**MATERIAL FOR THIS EXERCISE:**
● ● ●

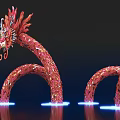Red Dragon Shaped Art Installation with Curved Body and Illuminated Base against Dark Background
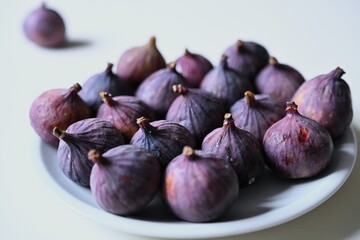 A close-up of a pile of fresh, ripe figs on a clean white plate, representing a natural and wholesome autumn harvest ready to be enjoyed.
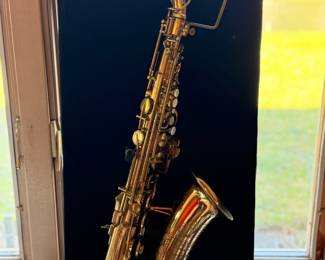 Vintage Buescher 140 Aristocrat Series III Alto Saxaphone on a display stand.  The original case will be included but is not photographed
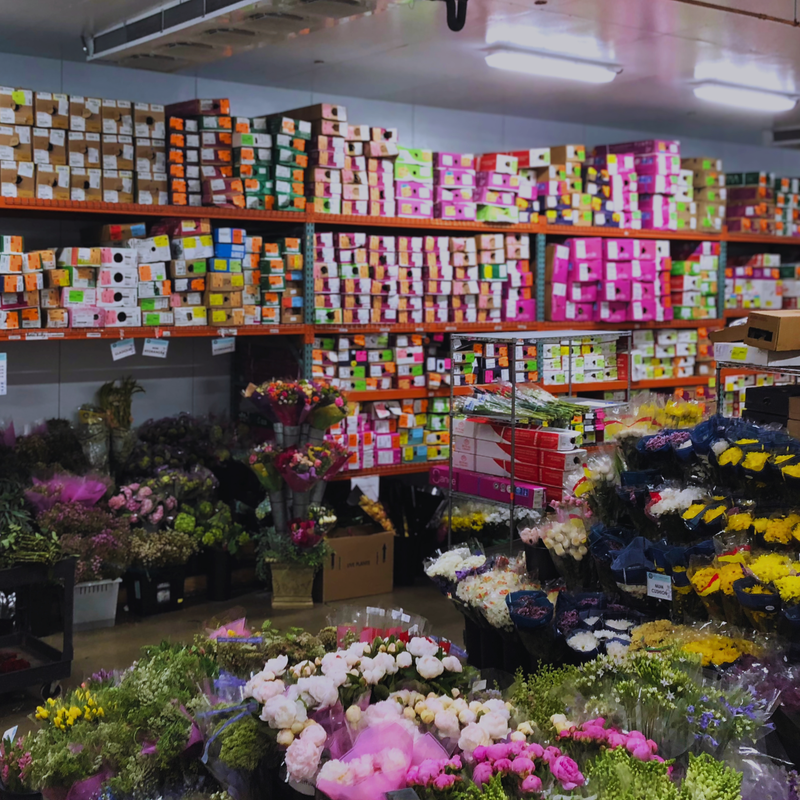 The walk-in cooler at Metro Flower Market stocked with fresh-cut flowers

● ● ●

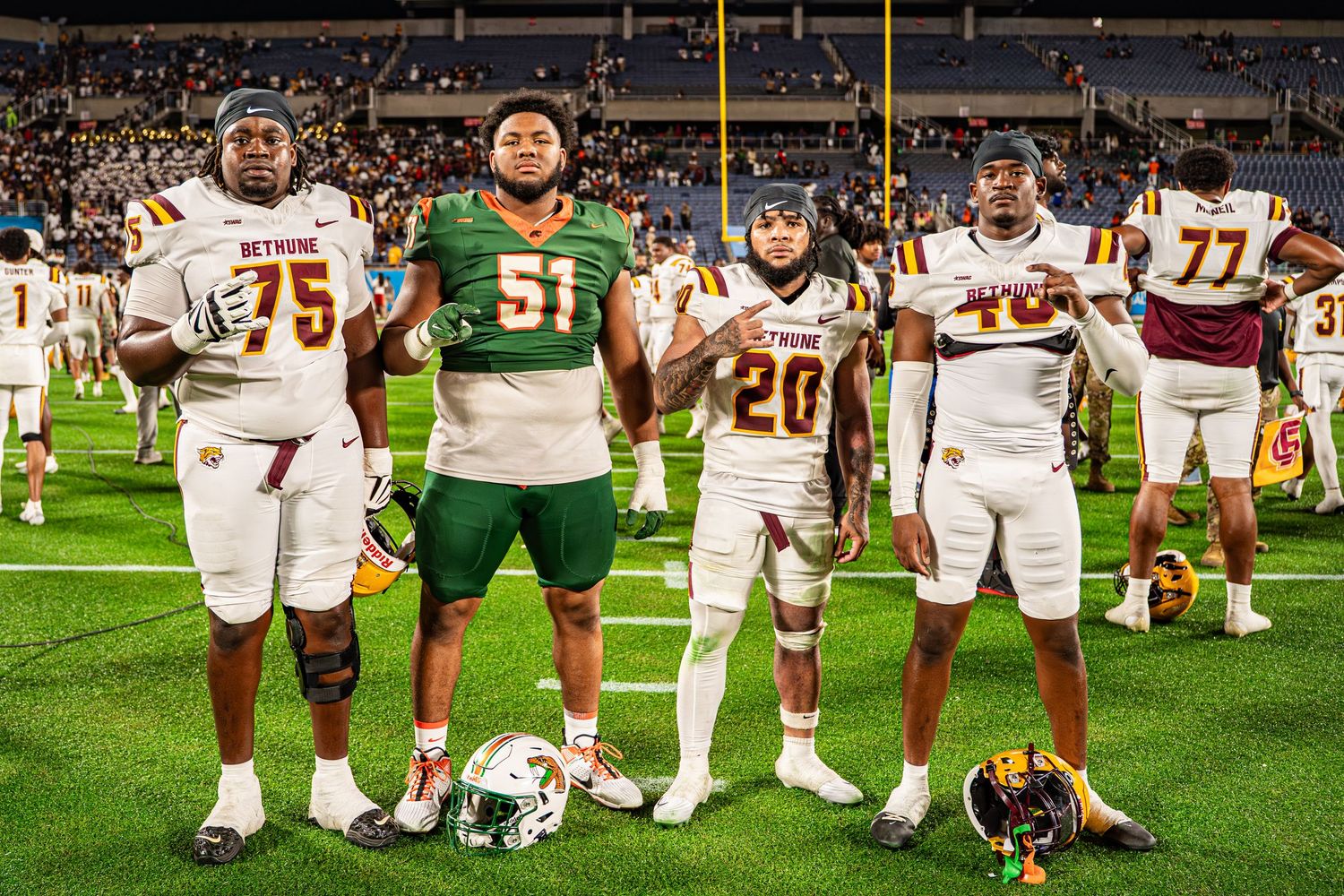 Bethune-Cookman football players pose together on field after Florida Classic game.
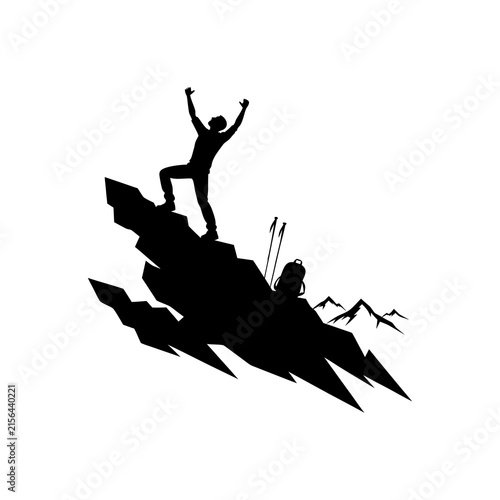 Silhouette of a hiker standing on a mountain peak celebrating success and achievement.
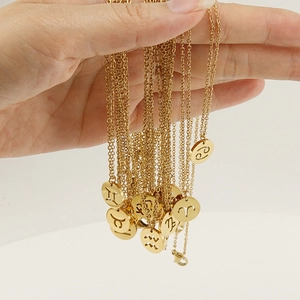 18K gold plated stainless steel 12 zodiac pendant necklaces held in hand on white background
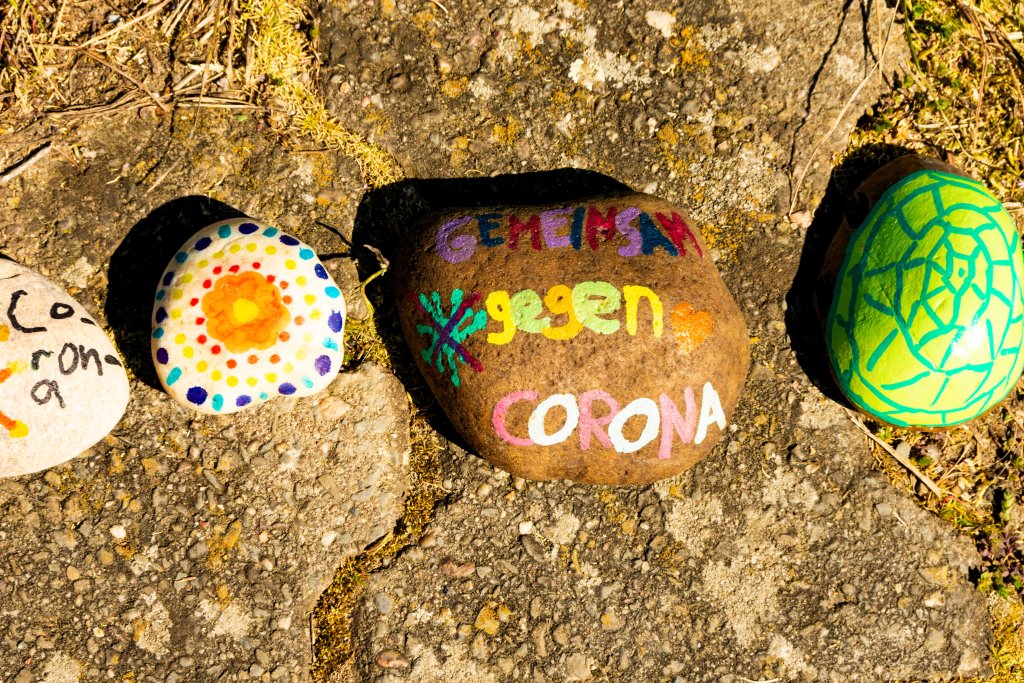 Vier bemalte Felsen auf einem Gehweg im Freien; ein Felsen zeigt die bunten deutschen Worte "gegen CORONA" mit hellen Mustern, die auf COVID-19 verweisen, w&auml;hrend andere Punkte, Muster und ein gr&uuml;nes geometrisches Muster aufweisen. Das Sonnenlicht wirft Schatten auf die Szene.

● ● ●

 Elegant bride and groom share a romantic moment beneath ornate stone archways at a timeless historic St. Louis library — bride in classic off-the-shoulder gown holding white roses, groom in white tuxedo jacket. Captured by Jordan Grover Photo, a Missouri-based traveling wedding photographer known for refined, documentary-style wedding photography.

● ● ●

**ACTIVITY:**
The reply should hold exactly the lines above, starting at the line with "18K gold plated" and ending at the line with "Vier bemalte Felsen", and no pictures.

**ANSWER BELOW:**
 18K gold plated stainless steel 12 zodiac pendant necklaces held in hand on white background
 Vier bemalte Felsen auf einem Gehweg im Freien; ein Felsen zeigt die bunten deutschen Worte "gegen CORONA" mit hellen Mustern, die auf COVID-19 verweisen, w&auml;hrend andere Punkte, Muster und ein gr&uuml;nes geometrisches Muster aufweisen. Das Sonnenlicht wirft Schatten auf die Szene.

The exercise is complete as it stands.